Mme  Dauguet, née Marie Aubert, naquit le 2 avril 1860 à Lachandeau (Haute-Saône). Élevée très librement, en pleine nature, c’est à la nature que sont allés tous ses goûts et c’est de la nature encore qu’elle reçut le meilleur enseignement. Elle avait quinze ans lorsque son père alla s’établir au Beuchot, une vieille usine un peu perdue dans un coin du pays vosgien : des forêts, des marais, des herbes folles ; une nature vigoureuse et rude, et dont nous retrouverons tous les aspects, tous les bruits et tous les parfums, des plus sauvages aux plus subtils, dans les vers qu’elle fera plus tard. — C’est là qu’elle a vécu depuis, faisant à Paris de courtes apparitions ; c’est là qu’en 1888 elle épousa M.  Dauguet, un ami d’enfance dont la tendre affection et la large sympathie ont créé pour elle une atmosphère de confiance dans laquelle elle a pu, comprise et encouragée, développer toutes ses hautes et rares facultés de sensibilité et d’expression.

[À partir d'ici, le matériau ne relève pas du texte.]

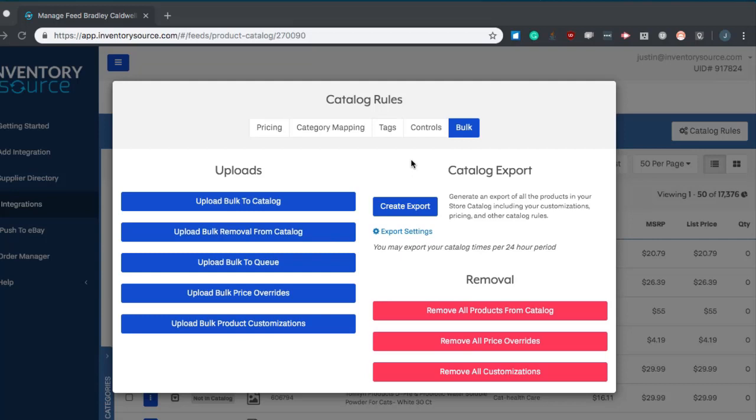You can also upload bulk price overrides. If you have a list of SKUs in the first column of a CSV file and the price you want to fix those and list those at on your website in the second column, you can upload those using this section to get those prices overridden in your catalog and they'll sync up to your store sales channel on the next sync.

« Ma curiosité est universelle, m’écrit-elle, j’ai soif de comprendre et je crois aimer presque autant la science, les sciences naturelles, que l’art. J’ai gaspillé beaucoup de temps en dilettantismes divers, allant de la physiologie à la botanique ; intéressée par les plantes, les bêtes, tout ce qui est la vie ; partageant mes heures entre les champs, les jardins, les étables, la peinture, la musique et les livres. »

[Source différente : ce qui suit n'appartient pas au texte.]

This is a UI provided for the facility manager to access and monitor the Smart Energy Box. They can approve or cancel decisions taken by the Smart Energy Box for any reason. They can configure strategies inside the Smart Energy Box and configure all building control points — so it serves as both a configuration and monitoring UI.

Elle ne songeait pas encore à écrire. Cependant ni les livres, ni la peinture, ni la musique ne suffisaient à l’absorber tout entière, il y avait de l’inquiétude en elle, un sentiment vague, un besoin quelque peu inconscient d’exprimer quelque chose, des sensations, des émotions, des idées. Tout cela l’opprimait et la mettait dans un état de véritable détresse morale. Et voilà qu’un jour, « un hiver de tristesse et de lassitude », en marge de dessins qui ne la satisfaisaient pas, elle crayonna quelques vers : c’était le Bon Rouet, une des jolies pièces de À travers le voile, le premier recueil de Mme  Marie Dauguet. Cette fois, elle avait découvert le verbe qu’il lui fallait. Elle n’abandonna point pourtant la palette et son piano ouvert l’attirait toujours. — « Je me suis jouée beaucoup de mes poèmes avant de les écrire », — dit-elle. Cela n’explique-t-il pas l’harmonie particulière, la musicalité très grande de ses vers !

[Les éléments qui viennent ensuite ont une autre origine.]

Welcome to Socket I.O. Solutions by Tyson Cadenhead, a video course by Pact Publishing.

Ayant demandé à Mme  Marie Dauguet quelques renseignements sur ses goûts, sur son idéal artistique et personnel, très franchement, sans fausse modestie, avec une sincérité absolue, elle m’a répondu :

« Mon idéal ? Deviner un peu de l’énigme du monde à travers les apparences : lignes, formes, couleurs, parfums, synesthétique vibrance de la Vie. Poursuivre la beauté qui résulte des phénomènes et lui demander son secret. Je suis un miroir amoureux de ce qu’il reflète ; et qui pense…

« Mon idéal ? Jouir infiniment de la vie, avec une chair, avec un cœur tout à la fois mystiques et païens ; l’accepter avec courage tout entière, la chanter passionnément et croire que l’artiste ayant ainsi fait son devoir peut se consoler de mourir s’il emporte au front un brin de laurier ou un rayon de gloire.